:: Input data ::

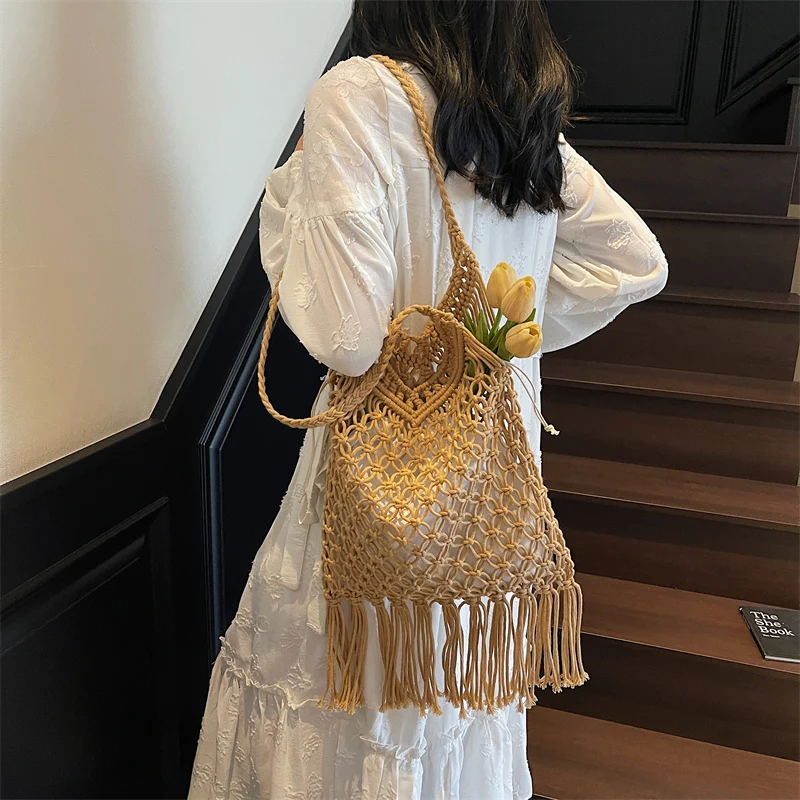 

Women Tassels Crochet Tote Bag Hollow Beach Bag Large Capacity Knitted Bag Solid Color Simple Shopping Bag for Travel Vacation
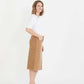 Woman wearing a below the knee corduroy skirt. This skirt is a fin corduroy with a gold button snap, no slit and no back pockets. It comes in burgundy, teal, burnt orange and dark khaki.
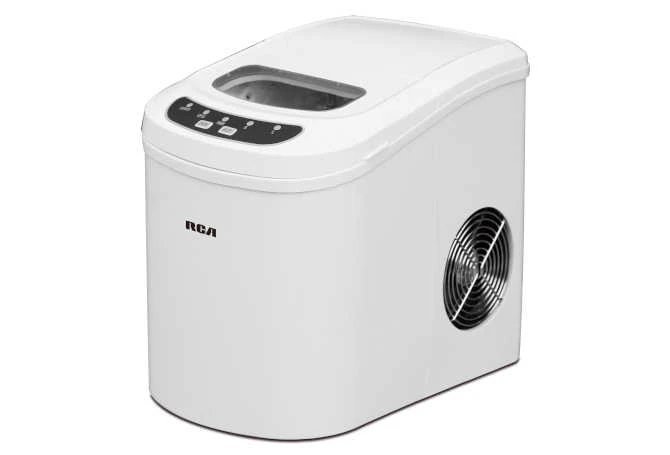 A person reading a manual next to their RCA ice maker.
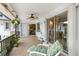 Relaxing patio featuring a ceiling fan, outdoor seating, and indoor views at 3301 Santa Barbara Dr, Punta Gorda, FL 33983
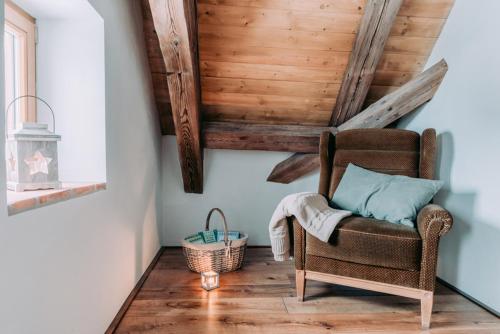 a room with a chair and a wooden ceiling at Apartmány Na Špejcharu in Stříbřec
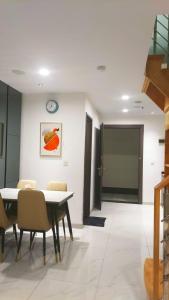 a dining room with a table and chairs and a clock at Great Deal Apartemen Grand Jati Junction Unit 1811 in Medan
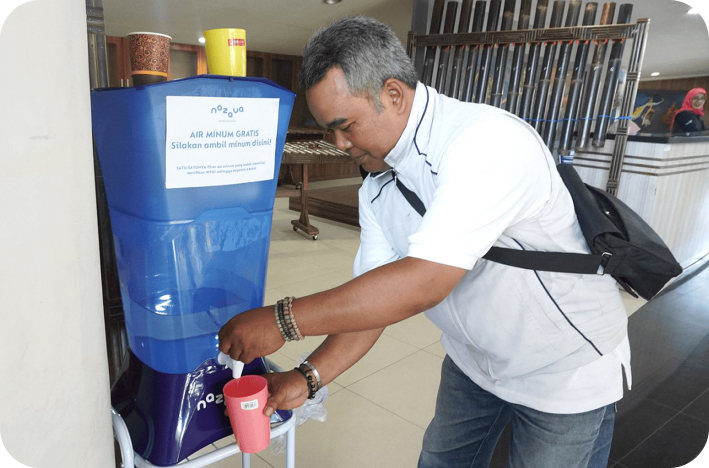 Taking drinking water from a Nazava Water Filter at the Indonesia National City Sanitation summit in Bandung organized by Akkopsi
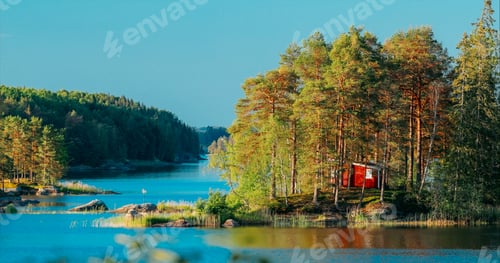 Preview: Sweden. Amazing Red Swedish Wooden Log Cabin House On Rocky Island Coast In Summer Sunny Evening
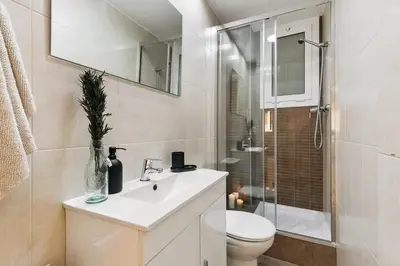 a living room with a couch and a tv at Agnello - 3 bedrooms and office in Sant Gervasi in Barcelona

:::

■ Exercise prompt ■
The answer is every line of the data, exactly as written, with the pictures dropped.

■ Response for this exercise ■
Women Tassels Crochet Tote Bag Hollow Beach Bag Large Capacity Knitted Bag Solid Color Simple Shopping Bag for Travel Vacation
 Woman wearing a below the knee corduroy skirt. This skirt is a fin corduroy with a gold button snap, no slit and no back pockets. It comes in burgundy, teal, burnt orange and dark khaki.
 A person reading a manual next to their RCA ice maker.
 Relaxing patio featuring a ceiling fan, outdoor seating, and indoor views at 3301 Santa Barbara Dr, Punta Gorda, FL 33983
 a room with a chair and a wooden ceiling at Apartmány Na Špejcharu in Stříbřec
 a dining room with a table and chairs and a clock at Great Deal Apartemen Grand Jati Junction Unit 1811 in Medan
 Taking drinking water from a Nazava Water Filter at the Indonesia National City Sanitation summit in Bandung organized by Akkopsi
 Preview: Sweden. Amazing Red Swedish Wooden Log Cabin House On Rocky Island Coast In Summer Sunny Evening
 a living room with a couch and a tv at Agnello - 3 bedrooms and office in Sant Gervasi in Barcelona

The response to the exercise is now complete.